Once you reach the line with "Découverte du BC GAME Programme d’affiliation Découverte" below, copy each line exactly, stopping after the line with "Tower of God", and skip any pictures.

§ RECORDS PROVIDED:
################

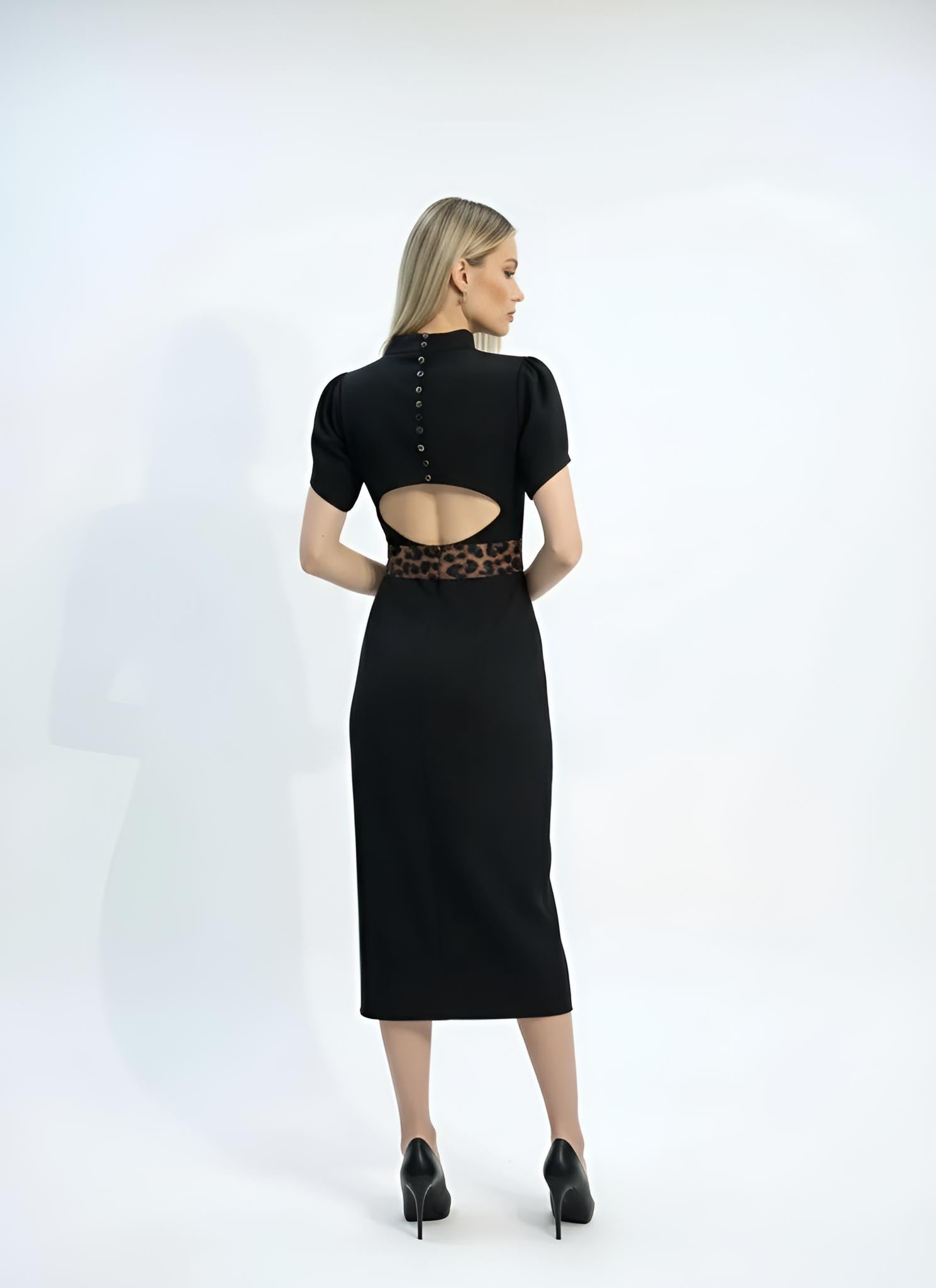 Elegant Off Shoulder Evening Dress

################

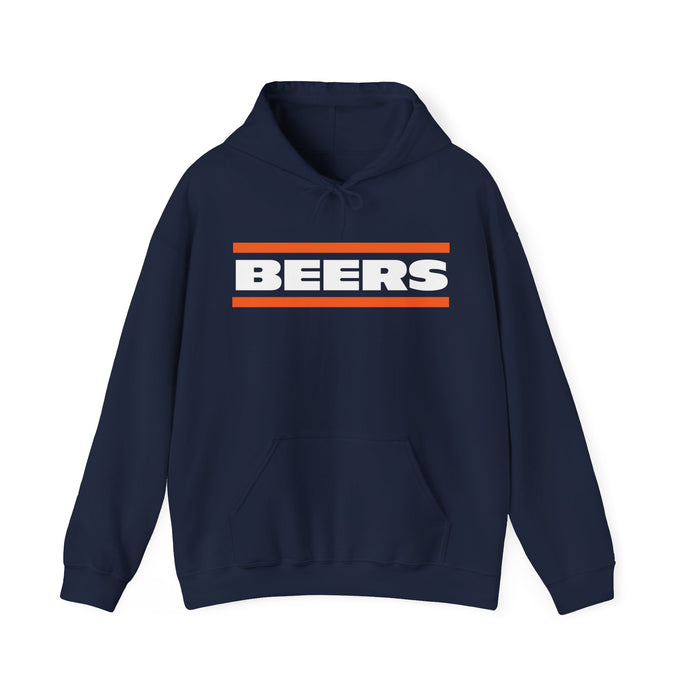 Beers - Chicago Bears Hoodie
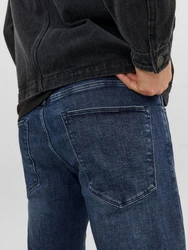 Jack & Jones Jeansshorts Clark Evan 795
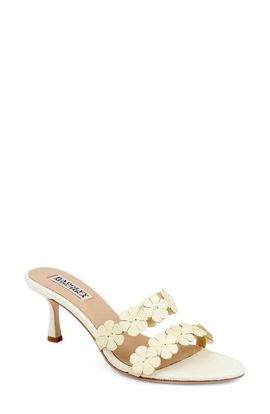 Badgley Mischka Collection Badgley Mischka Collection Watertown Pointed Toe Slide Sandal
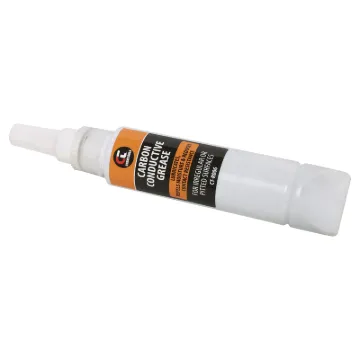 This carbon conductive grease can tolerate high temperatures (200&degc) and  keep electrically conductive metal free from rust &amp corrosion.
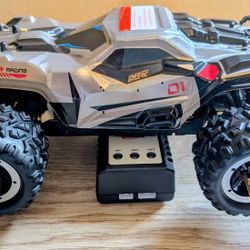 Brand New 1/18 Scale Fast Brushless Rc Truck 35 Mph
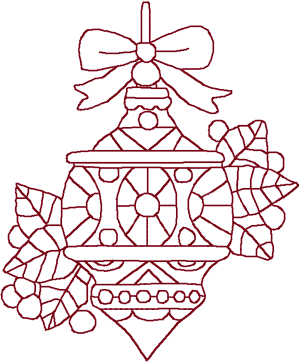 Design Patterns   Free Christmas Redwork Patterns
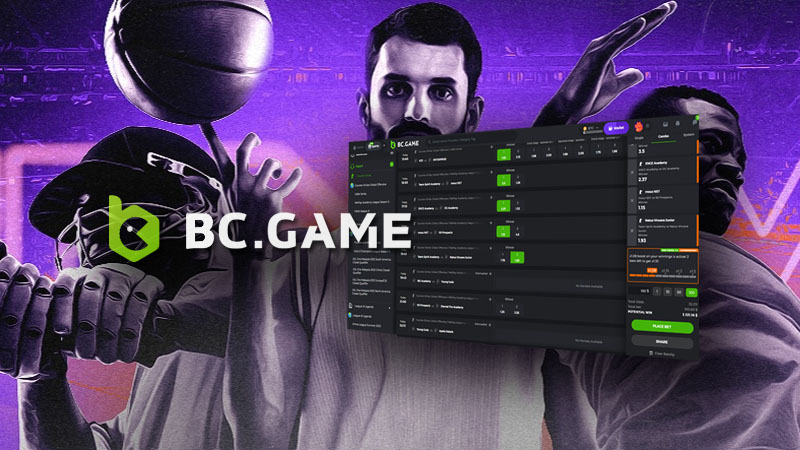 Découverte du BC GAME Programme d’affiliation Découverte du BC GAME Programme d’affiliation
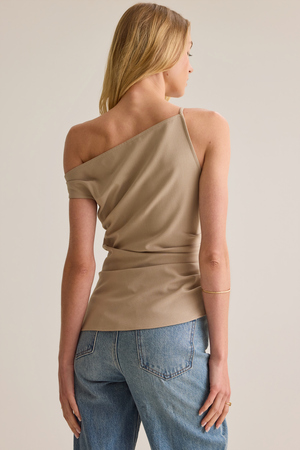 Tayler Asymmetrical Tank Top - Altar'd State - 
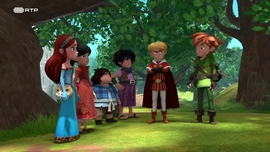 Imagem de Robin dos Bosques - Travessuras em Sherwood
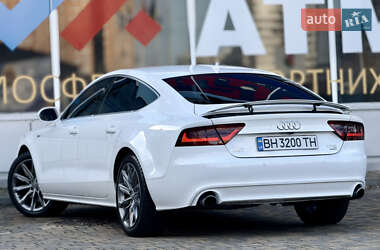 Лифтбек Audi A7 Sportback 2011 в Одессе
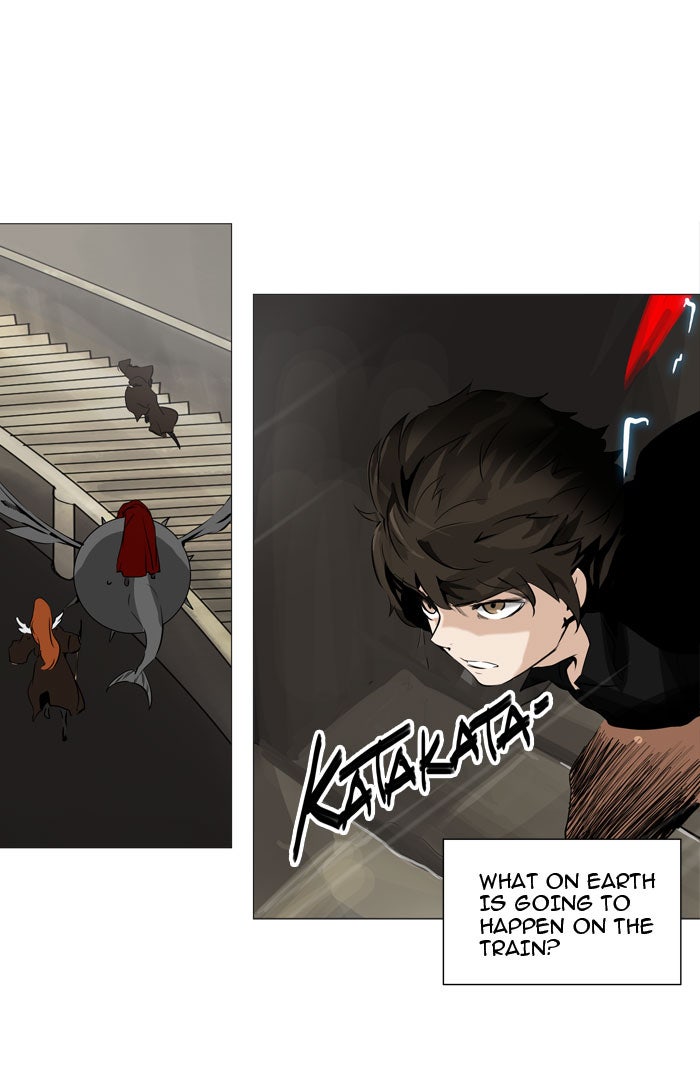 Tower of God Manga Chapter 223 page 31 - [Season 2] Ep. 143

################

§ WRITTEN REPLY:
 Découverte du BC GAME Programme d’affiliation Découverte du BC GAME Programme d’affiliation
 Tayler Asymmetrical Tank Top - Altar'd State - 
 Imagem de Robin dos Bosques - Travessuras em Sherwood
 Лифтбек Audi A7 Sportback 2011 в Одессе
 Tower of God Manga Chapter 223 page 31 - [Season 2] Ep. 143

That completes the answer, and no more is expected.